15/06/2024 lewrockwell.com  13 min 🇬🇧 #250538

Wittily Conflicted: A Review of Bill Maher's What This Comedian Said Will Shock You

By  Douglas Young

June 15, 2024

Bill Maher has been a major political humorist for over thirty years. After a number of guest spots on Johnny Carson's Tonight Show, Politically Incorrect with Bill Maher ran on Comedy Central and then ABC from 1993 to 2002, and since 2003 he has hosted HBO's Real Time with Bill Maher. He has also authored several books, the latest of which is What This Comedian Said Will Shock You, a collection of monologues from his present program, updated and edited.

Maher is a traditional liberal who is consistently libertarian on sex, drugs, and free expression ("I'm never for censorship"). While usually upsetting conservatives with his caustic wit, in recent years he has angered leftists as well.
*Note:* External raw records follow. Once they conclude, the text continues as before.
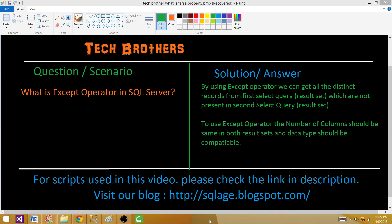Welcome to Tech Brothers with Amir. Today we are going to learn about what the EXCEPT operator is in SQL Server. The EXCEPT operator is used to get all the distinct records from the first SELECT query or result set which are not present in the second SELECT query or result set.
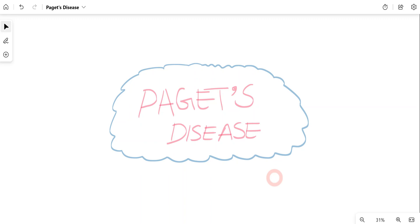Hello and welcome to Boundless Dentistry. In this video, we'll talk about Paget's disease. Paget's disease is basically a systemic disease; however, it has some oral clinical features which are important and that we commonly encounter in our clinical practice. In this video, we'll talk about everything related to Paget's disease. Let's get started.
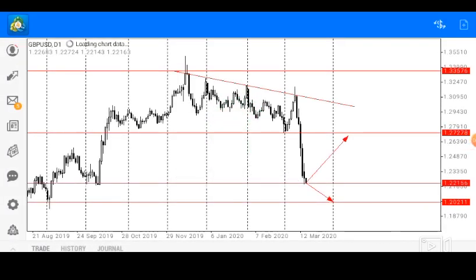Hello everyone, my name is Ose, technical analyst of Superforex. Today we shall be looking at the GBPUSD on our daily timeframe. As usual we'll be looking at our support and resistance zones as well as our channel presentation, and on this currency we have made a lot of videos with regards to its bearish pressure.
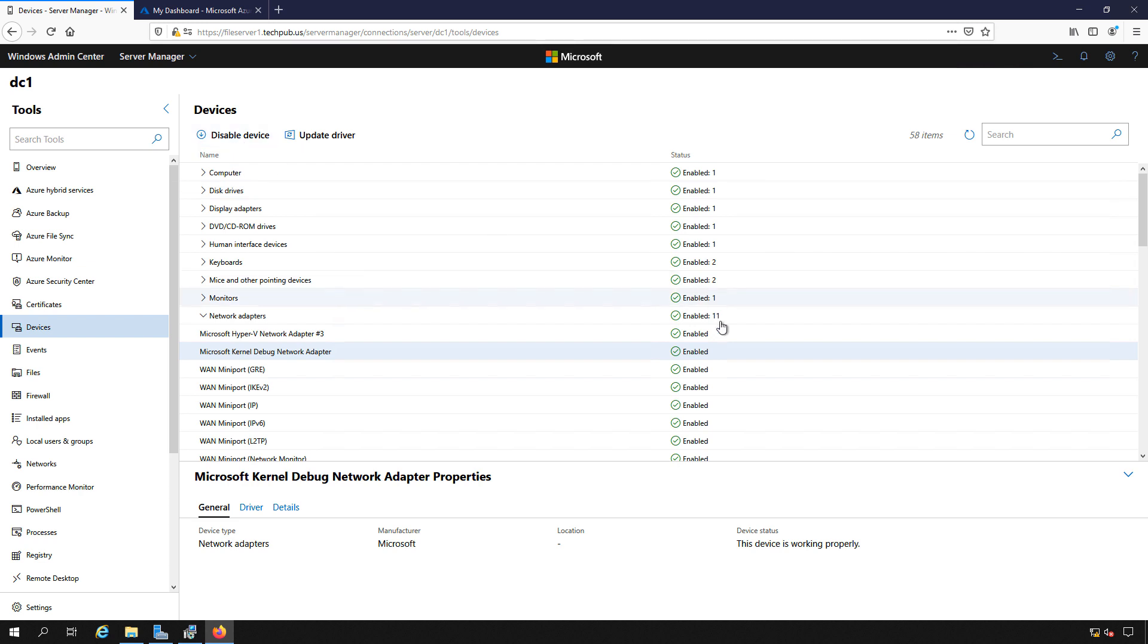That's a quick look at the device manager or devices in Windows Admin Center running on Windows Server 2019.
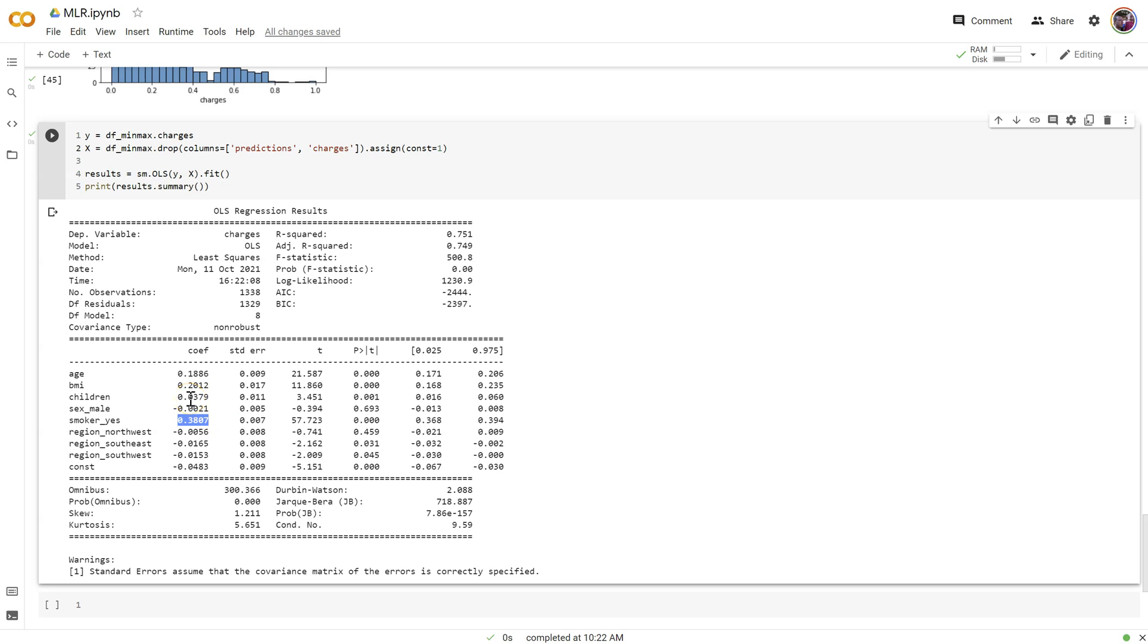So again, standardization, it's great for helping us compare coefficients doesn't affect our predictions, doesn't change any of the distributions and it won't, it won't improve the prediction at all, but it's useful for interpretation. And there'll be other algorithms that we'll learn later on that do benefit greatly and improve their predictions based on when the data has been standardized. So it's a useful technique to learn.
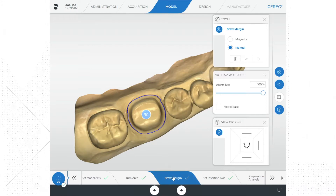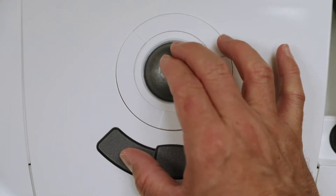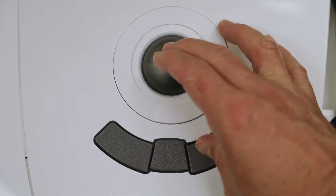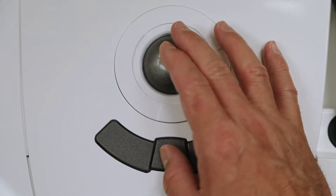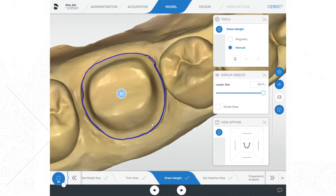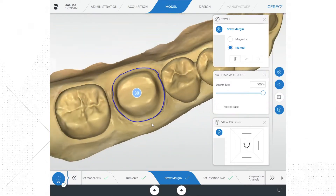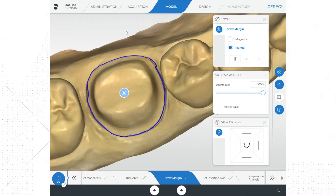Go ahead and click on the draw margin icon at the bottom of the screen in the step bar. Before we work with the margin, I want to show you another feature of the trackball mouse. If you left-click you will be able to rotate the model around an axis. If you right-click you will be able to move the entire model around the screen. If you click the middle button and rotate the trackball you will be able to zoom in closer to or zoom out away from the model. When drawing the margin I like to zoom in a little closer to the prep so I can better visualize the model.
His new book claims "it's not me who's changed, it's the Left, which is now made up of a small contingent who've gone mental and a large contingent who refuse to call them out for it. But I will." In fact, echoing commentator and author Dennis Prager, Maher contends that "wokeism in its current form is not an extension of liberalism, it is more often its opposite," and he compares "today's Woke Revolution and Chairman Mao's Cultural Revolution" for their mutual censoriousness and historical presentism.
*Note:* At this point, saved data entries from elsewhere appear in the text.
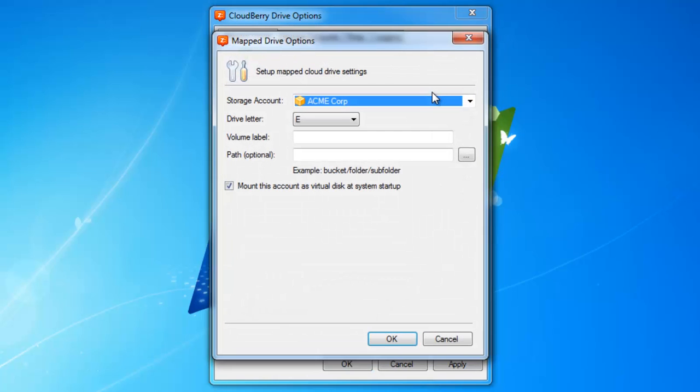You can choose the storage account, drive letter, and also type a volume label and specify a path.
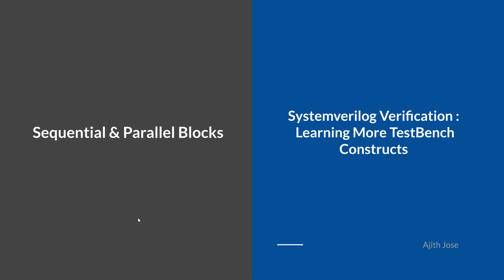Hello, welcome to the next session of this course, System Verilog Verification, Learning More Testament Constructs. In this session, you will be learning about sequential and parallel blocks.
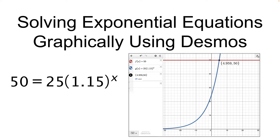Welcome to a video on exponential equations. In this video, we're going to learn how to solve exponential equations graphically using the free online graphing calculator website Desmos. Let's get started.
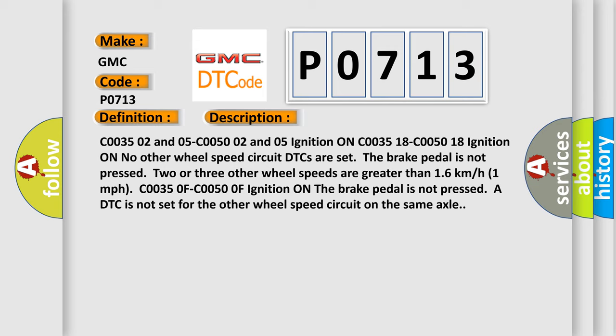If the brake pedal is not pressed, two or three other wheel speeds are greater than 16 km per hour (1 mile per hour). C0035 0F, C0050 0F, Ignition on, the brake pedal is not pressed. A DTC is not set for the other wheel speed circuit on the same axle. This diagnostic error occurs most often in these cases.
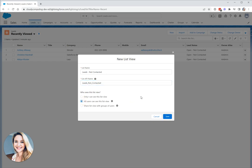A word of caution here: when you're creating list views or training other people to create list views, be very wary about using the all users can see this list view option. It's very easy for the number of list views to get out of hand and you can end up with lots of duplicate list views or list views that aren't applicable to all users.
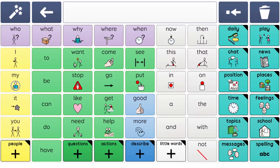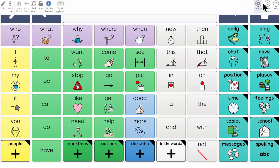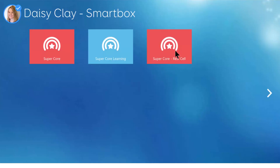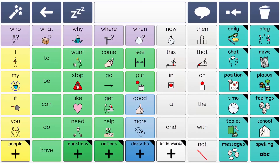Supercore is suitable for any access method, including touch, switch, eye gaze and head pointers, with an alternative version of Supercore with a REST cell available to download in Grid3.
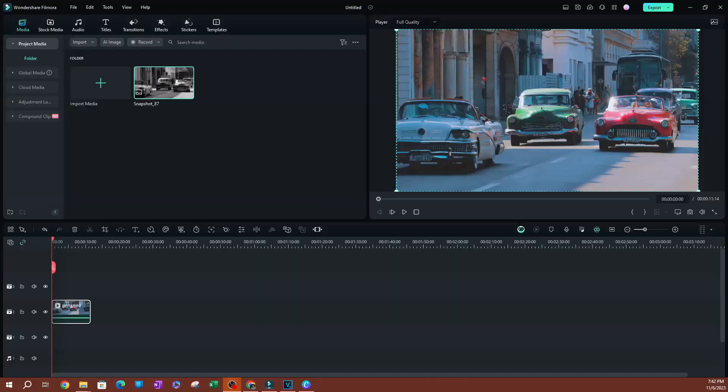In this video, I'm going to be showing you the basics of motion tracking in Filmora. So let's go ahead and get started.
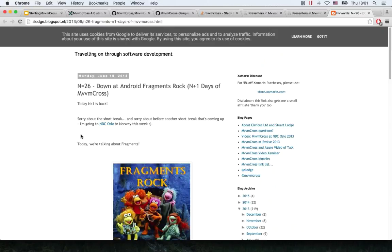Is Stuart Lodge still involved with MvvmCross or has he completely stepped away? He's still involved, but just in the background. The main guys behind MvvmCross right now are me and Cheesebaron — we run the project. Stuart helps us with advice about which technical direction to go, and he sometimes contributes with pull requests and comments in issues.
Though Maher's latest book has too many f-bombs, several sentences ending with a preposition, and at least one split infinitive, the Cornell English graduate's prose is generally excellent and often quite funny, with each chapter covering a distinct topic. It is especially endearing to find an author not anchored to one political team. Asking, "When did liberals become the Fun Police?," Democrat Maher sides with Republicans against helicopter parenting, censorship, educational indoctrination, canceling academically gifted programs for "equity," seeing "racism" everywhere, racially segregated dorms and graduations and national anthems, "diversity quotas," men competing in women's sports, banning various Halloween costumes, and condemning folks for "cultural appropriation." Indeed, Maher asserts that "Not everything is about oppression. Stealing natural resources from Indigenous peoples: yes, that's exploitation. But I swear, not one Beach Boy song resulted in any Hawaiian having fewer waves to surf."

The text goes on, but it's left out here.